_What is being asked_
With the pictures left out, please write out exactly each line from the one containing "2022小年（2022小年是几月几日）" through the end of the material.
..........
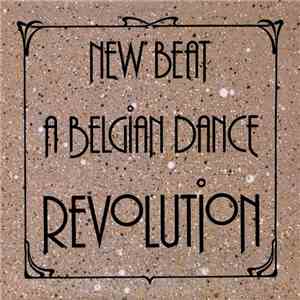 Various - New Beat, A Belgian Dance Revolution mp3 album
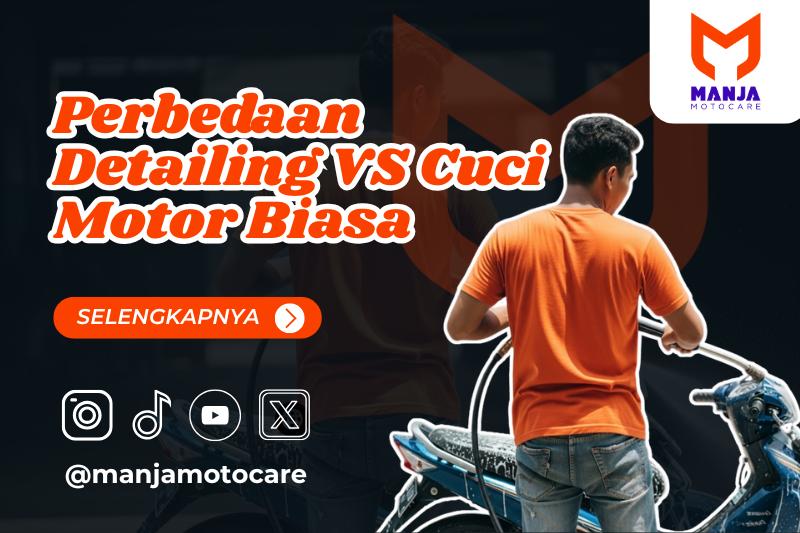 Perbedaan Detailing vs Cuci Motor Biasa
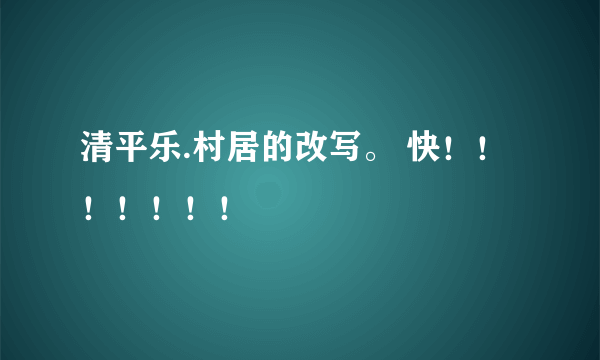 清平乐.村居的改写。 快！！！！！！！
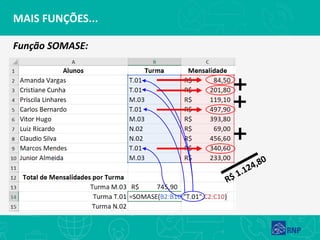 MAIS FUNÇÕES...
Função SOMASE:
 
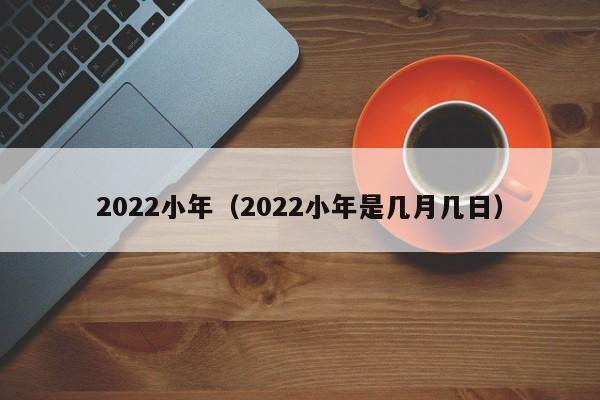 2022小年（2022小年是几月几日）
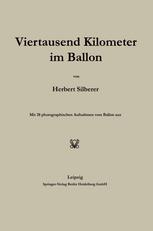 Herbert Silberer (auth.) — Viertausend Kilometer im Ballon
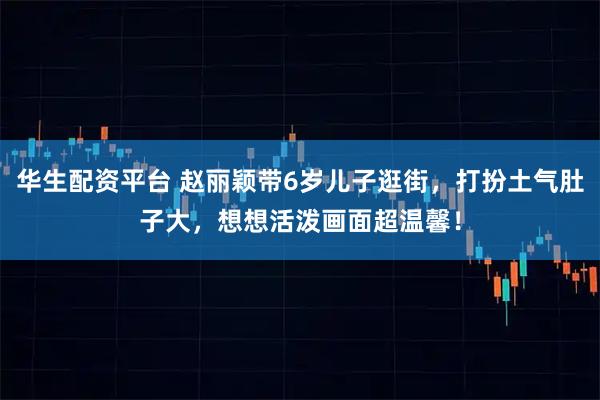 华生配资平台 赵丽颖带6岁儿子逛街，打扮土气肚子大，想想活泼画面超温馨！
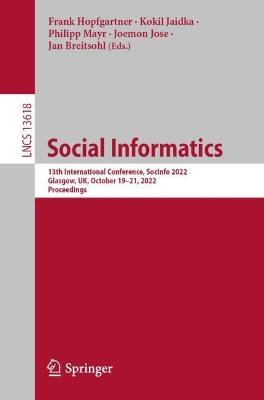 Social Informatics: 13th International Conference, SocInfo 2022, Glasgow, UK, October 19–21, 2022, Proceedings - cover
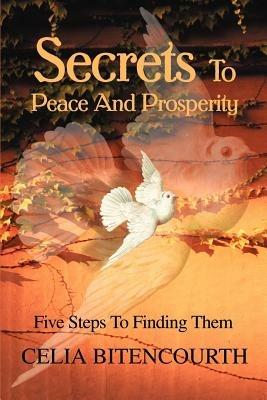 Secrets To Peace And Prosperity: 5 Steps To Get It - Celia S Bitencourth - cover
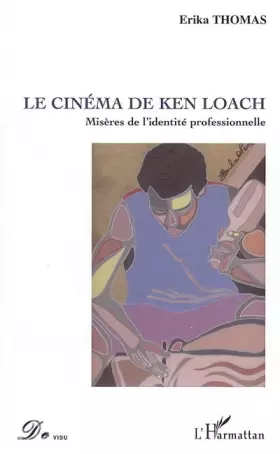 Couverture du produit · Le cinéma de Ken Loach : Misères de l'identité professionnelle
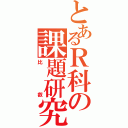 とあるＲ科の課題研究（比叡）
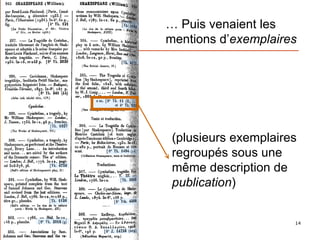 …  Puis venaient les mentions d’ exemplaires (plusieurs exemplaires regroupés sous une même description de  publication ) 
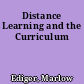 Distance Learning and the Curriculum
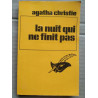 La nuit qui ne finit pas Le masque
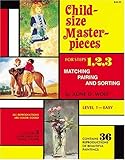 Child Size Masterpieces of Steps 1, 2, 3 - Matching, Pairing, and Sorting - Level 1 Easy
..........
_Task output_
 2022小年（2022小年是几月几日）
 Herbert Silberer (auth.) — Viertausend Kilometer im Ballon
 华生配资平台 赵丽颖带6岁儿子逛街，打扮土气肚子大，想想活泼画面超温馨！
 Social Informatics: 13th International Conference, SocInfo 2022, Glasgow, UK, October 19–21, 2022, Proceedings - cover
 Secrets To Peace And Prosperity: 5 Steps To Get It - Celia S Bitencourth - cover
 Couverture du produit · Le cinéma de Ken Loach : Misères de l'identité professionnelle
 とあるＲ科の課題研究（比叡）
 …  Puis venaient les mentions d’ exemplaires (plusieurs exemplaires regroupés sous une même description de  publication ) 
 Distance Learning and the Curriculum
 La nuit qui ne finit pas Le masque
 Child Size Masterpieces of Steps 1, 2, 3 - Matching, Pairing, and Sorting - Level 1 Easy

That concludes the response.